Strona:PL Daudet - Mała parafia (tłum. Neufeldówna).djvu/76

Ta strona została przepisana.

Ten portret dwuletniego Charlexisa to fantazya jenerała, który swego czasu kokietował nim panie, zachwycające się pięknością nagiego malca. Książe zaś, ofiarował ten medalion kochance, z tym samym celem, a w puzderku pod portretem umieścił list poufalszy, namiętniejszy jeszcze niż inne. Czytając ten list, Ryszard pobladł nagle, wstrząsany dreszczem nerwowym, czując straszny kurcz serca. Oczy jego przesłoniła mgła, przestały czytać, oślepione wewnętrznemi błyskawicami... Jad, jad zazdrości... nie znał go jeszcze, tego okrutnego, piekącego bólu. Lidya nieobecna, stracona, — dotąd nie widział nic po za tem; ale teraz myśli o tamtym, o tym, który mu ją ukradł, o ich upojeniach, o ich pieszczotach...
I biedny zazdrośnik czyta dalej. Nie chciałby, każdy wyraz rani go, pali; ale musi... to jak rozkoszna trucizna, którą, zniewolony trawiącą gorączką, pije, pije bez końca...

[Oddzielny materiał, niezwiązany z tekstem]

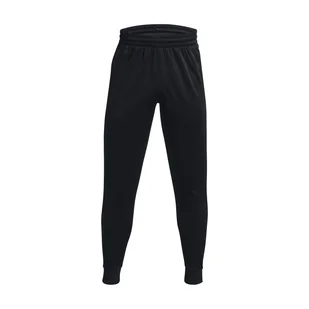 Męskie Spodnie UNDER ARMOUR UA ARMOUR FLEECE JOGGERS 1373362-001 – Czarny - Spodnie sportowe męskie - miniaturka - grafika 1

. . . . . . . . . . . . . . . . . . . . . . . . . . . . . . . . . . . . . . . . . . . .
. . . . . . . . . . . . . . . . . . . . . . . . . . . . . . . . . . . . . . . . . . . .

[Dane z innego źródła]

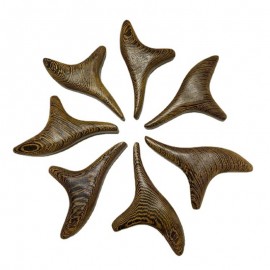 Wooden Scratching Massager with Logo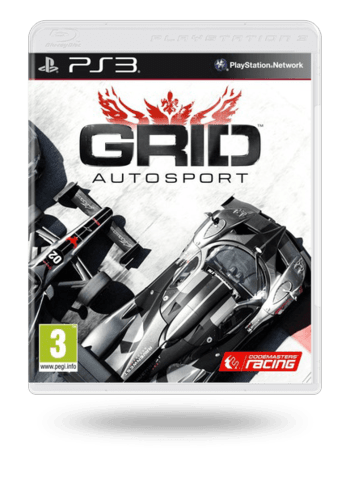 GRID Autosport PlayStation 3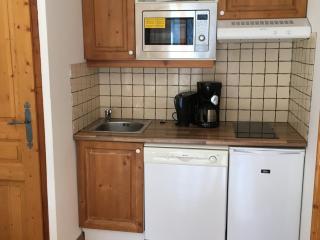 Charmant 2 Pièces 4 Pers Exposé Sud avec Balcon et Parking Privé à Valloire - FR-1-263-454 - Valloire - 2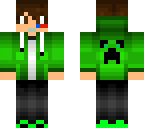 skin y creeper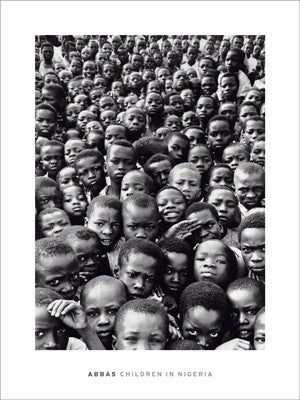 Children in Nigeria by Abbas | 31 1/2 x 23 5/8 Fine Art Print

Nieszczęśliwy wstaje, chodzi z wściekłością po pokoju, machając rękami, gotowemi druzgotać. Już się nie będzie mógł pozbyć widoku tej szkarady, którą mu wyobraźnia przed oczy nasuwa. „Ach! nikczemne książątko, ach! bandyta, dokąd on ją uprowadził? gdzie ją chowa? Gdybym mógł wiedzieć, mieć go tutaj, rzucić się na niego... masz, masz!“ I obcasem buta tłucze na proch medalion z kości słoniowej, w mniemaniu, że miażdży obnażone ciało, niweczy życie... Ale truciznę wypił, jad wsączył mu się w krew i nie da mu już spokoju.